When the kibbutz was attacked by Arab forces on May 14, 1949, the inhabitants had no choice but to raise the white flag of surrender. In the Kfar Etzion massacre, 157 Jewish inhabitants of of the kibbutz, men and women, young and old, were murdered. Malli’s action had saved the lives of the children of Kibbutz Kfar Etzion.
Malli continued to work as a kindergarten teacher in Tel Aviv before deciding to join her brother in the United States. In New York, she quickly found work as a kindergarten teacher in a Jewish school in Queens. “I spoke both English and Hebrew,” she explains. “They wanted the children to learn both languages. I taught kindergarten in Queens for many years.”
Malli moved to Washington Heights, enjoying the area and its parks. Most of all, she loved making pottery, which she counted as her true vocation. “I really have been involved emotionally with clay. It’s the most wonderful medium.” explains the centenarian.

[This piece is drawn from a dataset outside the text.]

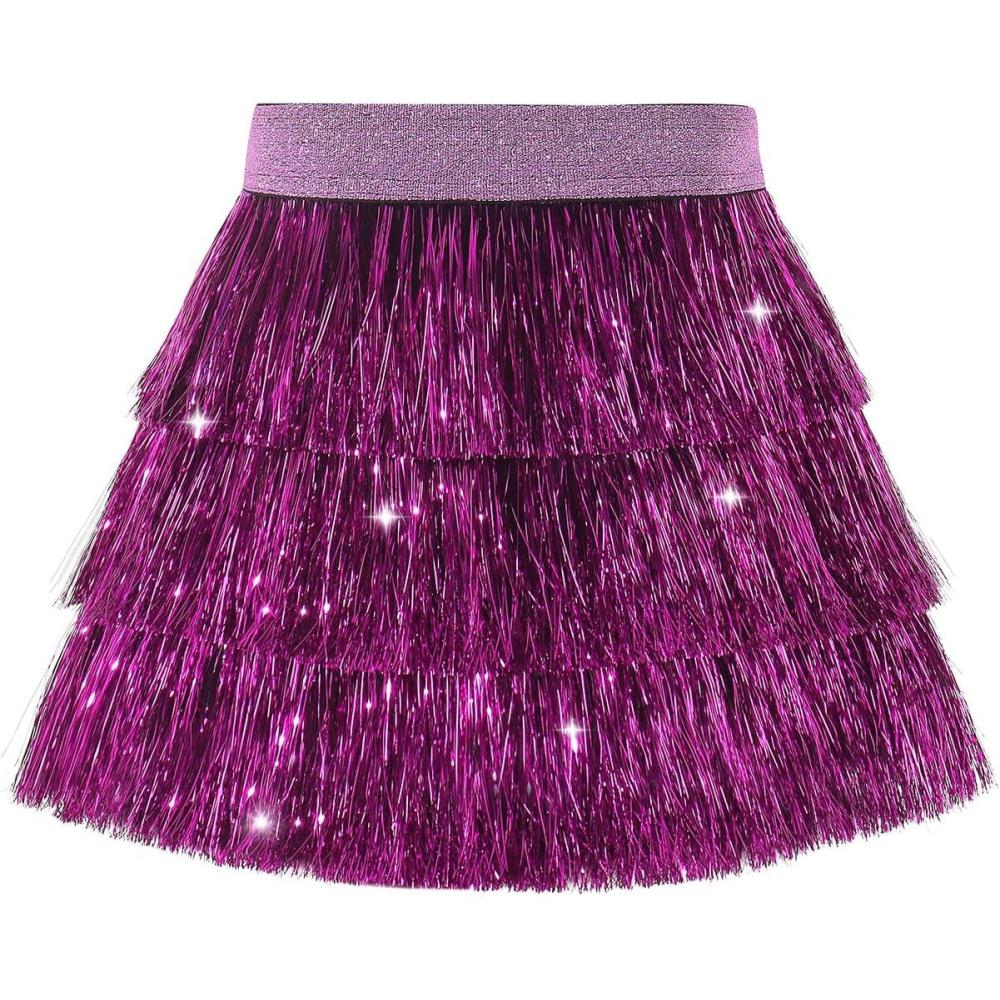 imageNoomelfish Girls Tinsel Fringe Skirt Sparkly Tassel Metallic Party Skirt512 YearsPurple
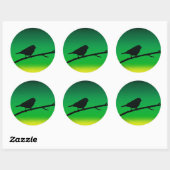 Sticker Rond Silhouette Du Bruant Sur Le Limonène (Feuille)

Asked to elaborate, Malli offers: “I fell in love with clay. You really can impress your own feeling with clay. Clay has got something which goes into emotions,” she says, gesturing towards her heart.
After studying at Alfred University, a leading New York Design College, Malli devoted her time to pottery. “I worked 24 hours a day at my pottery,” say Malli. She bought a wheel and installed it in her apartment in Cabrini Terrace. “I had a wheel in my bedroom; it got so messy that I had to give it up.” But word had spread, and neighbors were quick to purchase the beautifully glazed pottery Malli made by throwing on the wheel and by handbuilding.
Malli’s skill and dedication became legendary. She became known as “The Pottery Lady.” In 1990, she made an appearance on the David Letterman Show. She was introduced as a lady who could “turn a lowly lump of clay into a work of art.” Malli and David both centered clay on matching pottery wheels and she instructed him on how to throw a pot. She also managed to engage in a spirited water fight with the TV host. She won.
Says Malli: “I love the wheel. But you can’t really separate throwing and handbuilding. You have to do both to get what you want.” As for her beautiful glazes, Malli explains that she first had to learn the chemistry behind the colors. “When you have something nice, you can make it nicer with glazing.”
Asked to show examples of her favorite pieces, she admits: “I have nothing left. I gave it all away.” This reporter suggests the absence of pottery in the home of a potter known as The Pottery Lady, is the sign of a generous heart, a creative spirit, a lifetime of working with clay and a fabulous New York woman. Congratulations to you on your 100th birthday, Malli Rembacz, The Pottery Lady.